I own a Loricraft PRC4 that is extremely effective and easy to use. It’s not completely idiot-proof and it helps to be shown how to use it, but there are videos online by Mark Baker at Origin Live to show you how. I’ve done thousands of cleans and my son uses it as well. Records will be completely free of dirt and static and bone dry immediately after cleaning. The machine is relatively quiet, a gentle hum, so won’t disturb anyone.

The new Degritter https://degritter.com was crowdfunded. It is sold by my main dealer, who is very selective on what they sell, so I take that as a high compliment. I think it’s the first such machine they have sold in over 50 years of business. It’d meant to be very quiet and idiot-proof.

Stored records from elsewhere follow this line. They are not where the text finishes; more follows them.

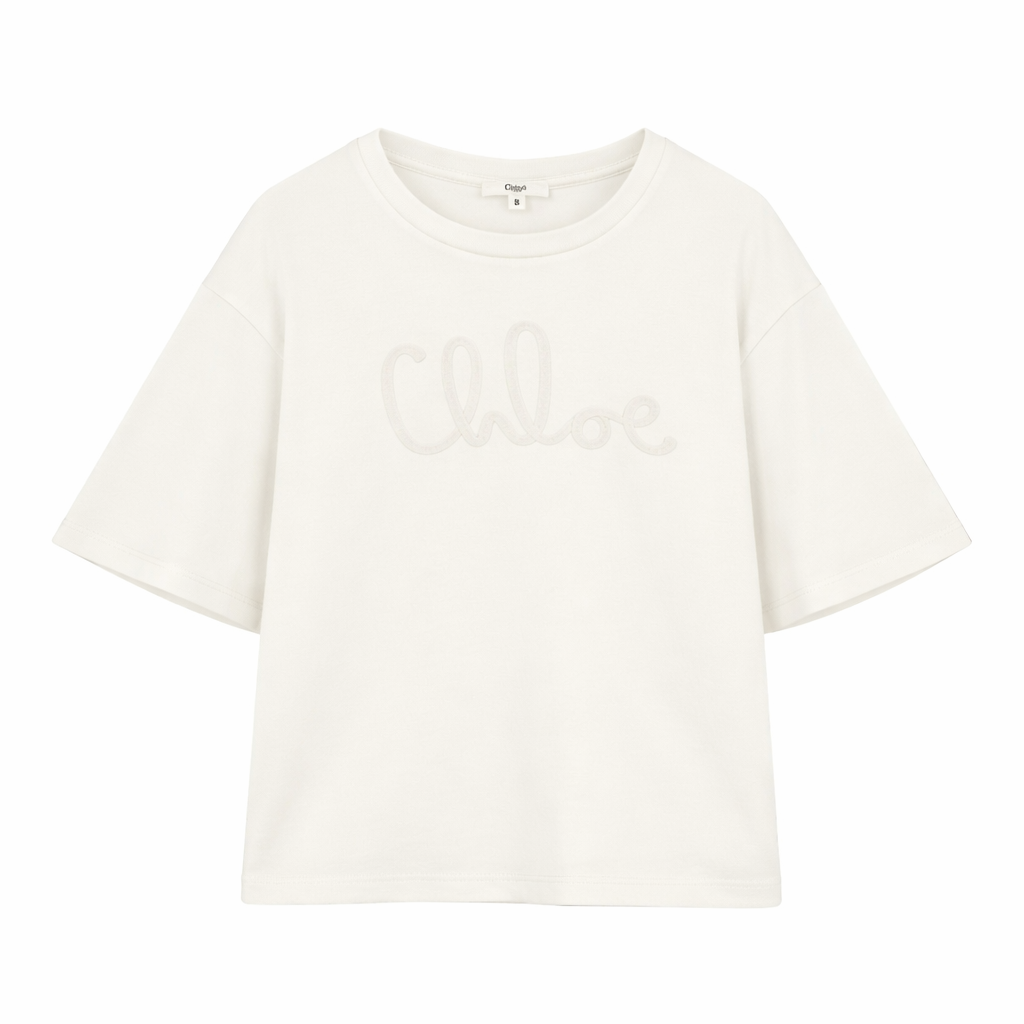 T-shirt per bambina Chloé Kids bianca con logo ricamato C20858 117 CHLOE' KIDS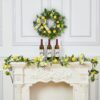 Adeeing 6ft Lemon Garland, Lemon Decor with Lemon Daisies and Plaid Bows, Spring Summer Garland for Front Door Mantle Stair Railing Home Kitchen Wedding Decor - Image 2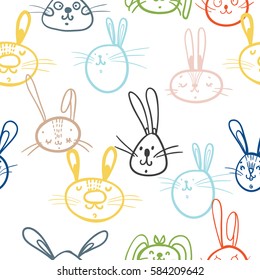 Happy Easter greeting card, poster, with cute, sweet hand drawn bunny, good for modern design, seamless pattern, Vector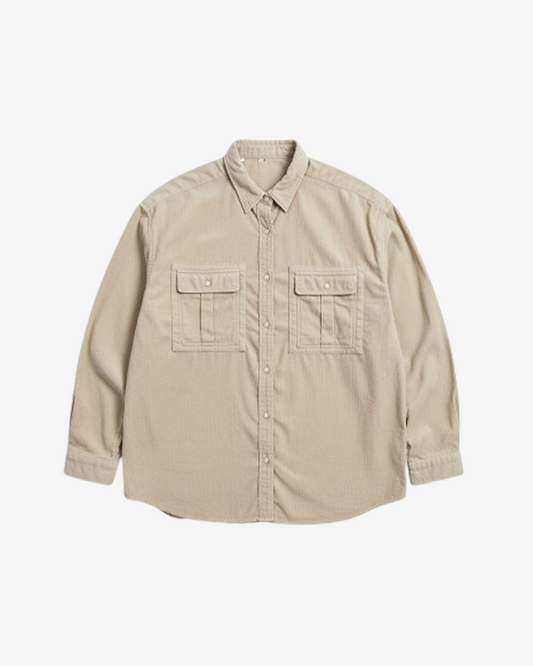 Asos Cord Twill Ls Oversized Cut & Sew Shirt
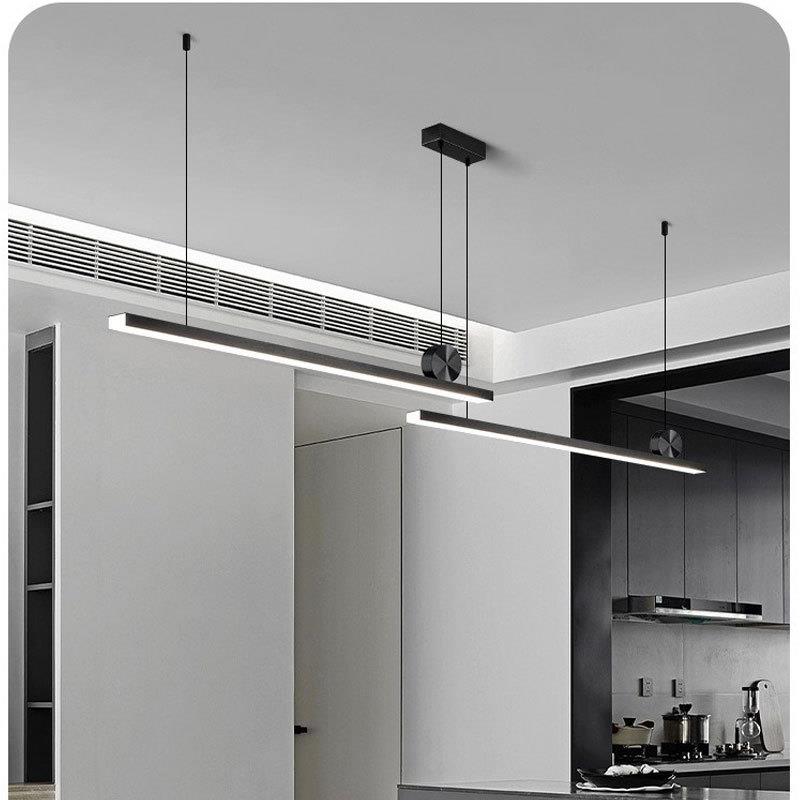 LC吊灯铝材餐厅吊灯现代简约创意一字l岛e长d条设师计饭厅台吧台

It is slightly more expensive than the Loricraft, but takes up less space and is fully enclosed, so there is no risk of spillage and you can safely leave in your listening room.

The key feature to the Loricraft is the extremely powerful vacuum used to suck off the cleaning liquid. It uses a thread passing through the sucker to maintain enough distance, perhaps 0.5mm, to avoid it sticking to the record. It therefore provides much more suction than a unit with a wand or arm over the whole record.

The DeGritter filters the cleaning fluid as it operates, whereas I understand that standard industrial ultrasonic baths don’t and are best kept somewhere where spillage is not an issue.